#### RECORDS TO PROCESS:
▼▼▼

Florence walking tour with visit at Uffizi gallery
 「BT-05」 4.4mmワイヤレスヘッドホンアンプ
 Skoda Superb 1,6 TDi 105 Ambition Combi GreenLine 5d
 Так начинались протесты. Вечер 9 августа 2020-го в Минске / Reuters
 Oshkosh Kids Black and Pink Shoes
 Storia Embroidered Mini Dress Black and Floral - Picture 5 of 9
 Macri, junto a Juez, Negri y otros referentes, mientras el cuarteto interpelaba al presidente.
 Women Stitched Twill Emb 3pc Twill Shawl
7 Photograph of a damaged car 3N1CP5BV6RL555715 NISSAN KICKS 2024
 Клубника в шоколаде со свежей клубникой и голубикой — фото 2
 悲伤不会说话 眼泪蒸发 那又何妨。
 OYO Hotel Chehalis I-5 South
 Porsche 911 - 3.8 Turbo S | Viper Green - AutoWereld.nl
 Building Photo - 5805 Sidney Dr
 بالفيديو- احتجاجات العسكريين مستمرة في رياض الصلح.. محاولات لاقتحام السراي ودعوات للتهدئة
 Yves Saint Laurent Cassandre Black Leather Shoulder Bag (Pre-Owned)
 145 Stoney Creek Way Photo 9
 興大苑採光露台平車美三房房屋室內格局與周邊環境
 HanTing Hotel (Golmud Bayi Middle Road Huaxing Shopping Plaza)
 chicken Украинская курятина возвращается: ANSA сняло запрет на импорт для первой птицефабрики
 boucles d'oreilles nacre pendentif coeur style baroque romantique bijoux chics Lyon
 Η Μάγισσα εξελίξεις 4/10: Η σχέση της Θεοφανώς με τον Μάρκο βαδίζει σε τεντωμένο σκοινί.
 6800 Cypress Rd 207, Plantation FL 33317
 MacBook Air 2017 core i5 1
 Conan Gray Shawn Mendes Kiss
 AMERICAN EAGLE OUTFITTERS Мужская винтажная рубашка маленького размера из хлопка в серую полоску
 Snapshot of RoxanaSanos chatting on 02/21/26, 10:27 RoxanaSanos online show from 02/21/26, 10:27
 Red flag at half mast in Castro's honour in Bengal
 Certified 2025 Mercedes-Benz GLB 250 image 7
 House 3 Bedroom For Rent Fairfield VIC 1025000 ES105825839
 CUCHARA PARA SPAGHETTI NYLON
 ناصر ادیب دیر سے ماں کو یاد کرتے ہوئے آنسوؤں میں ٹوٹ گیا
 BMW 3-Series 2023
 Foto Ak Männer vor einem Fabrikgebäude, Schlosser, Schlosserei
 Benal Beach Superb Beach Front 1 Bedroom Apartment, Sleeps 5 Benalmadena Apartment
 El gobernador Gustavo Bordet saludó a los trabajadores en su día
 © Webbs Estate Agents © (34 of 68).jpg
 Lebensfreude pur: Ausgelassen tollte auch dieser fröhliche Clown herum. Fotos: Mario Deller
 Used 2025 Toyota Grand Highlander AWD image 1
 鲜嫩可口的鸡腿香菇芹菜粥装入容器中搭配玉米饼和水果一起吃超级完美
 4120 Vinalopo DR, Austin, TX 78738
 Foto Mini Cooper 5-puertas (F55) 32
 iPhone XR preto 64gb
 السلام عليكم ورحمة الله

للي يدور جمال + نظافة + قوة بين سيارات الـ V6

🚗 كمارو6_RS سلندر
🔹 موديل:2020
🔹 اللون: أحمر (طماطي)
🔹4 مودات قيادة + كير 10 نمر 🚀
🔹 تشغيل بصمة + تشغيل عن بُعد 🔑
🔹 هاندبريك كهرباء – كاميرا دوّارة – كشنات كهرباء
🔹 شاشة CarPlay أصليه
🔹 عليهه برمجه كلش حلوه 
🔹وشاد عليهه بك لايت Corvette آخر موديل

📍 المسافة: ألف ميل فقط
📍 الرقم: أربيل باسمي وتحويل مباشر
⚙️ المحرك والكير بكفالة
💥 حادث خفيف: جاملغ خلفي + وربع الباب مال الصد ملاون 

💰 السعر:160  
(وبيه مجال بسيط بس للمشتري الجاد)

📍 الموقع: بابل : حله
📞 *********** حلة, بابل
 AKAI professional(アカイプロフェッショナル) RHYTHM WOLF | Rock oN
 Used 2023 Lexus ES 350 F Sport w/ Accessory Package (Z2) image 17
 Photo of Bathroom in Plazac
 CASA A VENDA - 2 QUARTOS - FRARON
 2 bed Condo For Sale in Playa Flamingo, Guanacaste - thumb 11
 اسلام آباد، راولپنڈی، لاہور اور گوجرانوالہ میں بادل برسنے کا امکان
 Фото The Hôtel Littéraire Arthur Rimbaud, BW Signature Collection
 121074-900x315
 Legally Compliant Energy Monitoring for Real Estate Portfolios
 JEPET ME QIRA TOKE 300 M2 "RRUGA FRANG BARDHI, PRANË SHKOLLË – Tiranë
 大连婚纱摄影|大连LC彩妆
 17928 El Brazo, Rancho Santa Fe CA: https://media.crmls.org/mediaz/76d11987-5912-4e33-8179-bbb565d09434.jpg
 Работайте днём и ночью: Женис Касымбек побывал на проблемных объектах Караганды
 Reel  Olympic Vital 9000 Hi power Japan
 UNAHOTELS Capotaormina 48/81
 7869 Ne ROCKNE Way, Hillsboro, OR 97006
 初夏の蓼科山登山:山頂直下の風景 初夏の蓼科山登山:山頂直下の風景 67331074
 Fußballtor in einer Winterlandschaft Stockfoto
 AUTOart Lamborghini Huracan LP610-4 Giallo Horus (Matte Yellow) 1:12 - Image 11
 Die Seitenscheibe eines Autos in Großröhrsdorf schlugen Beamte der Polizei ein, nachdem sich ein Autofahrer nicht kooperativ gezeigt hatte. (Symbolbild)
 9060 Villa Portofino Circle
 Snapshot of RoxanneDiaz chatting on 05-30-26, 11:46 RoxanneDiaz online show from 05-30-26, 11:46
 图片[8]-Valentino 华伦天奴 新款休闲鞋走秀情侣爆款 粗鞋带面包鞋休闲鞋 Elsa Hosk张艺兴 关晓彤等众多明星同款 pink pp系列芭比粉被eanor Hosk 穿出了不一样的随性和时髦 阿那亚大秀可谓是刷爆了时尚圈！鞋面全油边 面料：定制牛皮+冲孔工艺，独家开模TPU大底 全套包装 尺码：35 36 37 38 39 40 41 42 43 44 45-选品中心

▲▲▲

#### ASSIGNMENT:
Give the lines again, exactly as they stand, from the beginning of the data through the line with "Foto Ak Männer".

#### ANSWER TO THE PROBLEM:
Florence walking tour with visit at Uffizi gallery
 「BT-05」 4.4mmワイヤレスヘッドホンアンプ
 Skoda Superb 1,6 TDi 105 Ambition Combi GreenLine 5d
 Так начинались протесты. Вечер 9 августа 2020-го в Минске / Reuters
 Oshkosh Kids Black and Pink Shoes
 Storia Embroidered Mini Dress Black and Floral - Picture 5 of 9
 Macri, junto a Juez, Negri y otros referentes, mientras el cuarteto interpelaba al presidente.
 Women Stitched Twill Emb 3pc Twill Shawl
7 Photograph of a damaged car 3N1CP5BV6RL555715 NISSAN KICKS 2024
 Клубника в шоколаде со свежей клубникой и голубикой — фото 2
 悲伤不会说话 眼泪蒸发 那又何妨。
 OYO Hotel Chehalis I-5 South
 Porsche 911 - 3.8 Turbo S | Viper Green - AutoWereld.nl
 Building Photo - 5805 Sidney Dr
 بالفيديو- احتجاجات العسكريين مستمرة في رياض الصلح.. محاولات لاقتحام السراي ودعوات للتهدئة
 Yves Saint Laurent Cassandre Black Leather Shoulder Bag (Pre-Owned)
 145 Stoney Creek Way Photo 9
 興大苑採光露台平車美三房房屋室內格局與周邊環境
 HanTing Hotel (Golmud Bayi Middle Road Huaxing Shopping Plaza)
 chicken Украинская курятина возвращается: ANSA сняло запрет на импорт для первой птицефабрики
 boucles d'oreilles nacre pendentif coeur style baroque romantique bijoux chics Lyon
 Η Μάγισσα εξελίξεις 4/10: Η σχέση της Θεοφανώς με τον Μάρκο βαδίζει σε τεντωμένο σκοινί.
 6800 Cypress Rd 207, Plantation FL 33317
 MacBook Air 2017 core i5 1
 Conan Gray Shawn Mendes Kiss
 AMERICAN EAGLE OUTFITTERS Мужская винтажная рубашка маленького размера из хлопка в серую полоску
 Snapshot of RoxanaSanos chatting on 02/21/26, 10:27 RoxanaSanos online show from 02/21/26, 10:27
 Red flag at half mast in Castro's honour in Bengal
 Certified 2025 Mercedes-Benz GLB 250 image 7
 House 3 Bedroom For Rent Fairfield VIC 1025000 ES105825839
 CUCHARA PARA SPAGHETTI NYLON
 ناصر ادیب دیر سے ماں کو یاد کرتے ہوئے آنسوؤں میں ٹوٹ گیا
 BMW 3-Series 2023
 Foto Ak Männer vor einem Fabrikgebäude, Schlosser, Schlosserei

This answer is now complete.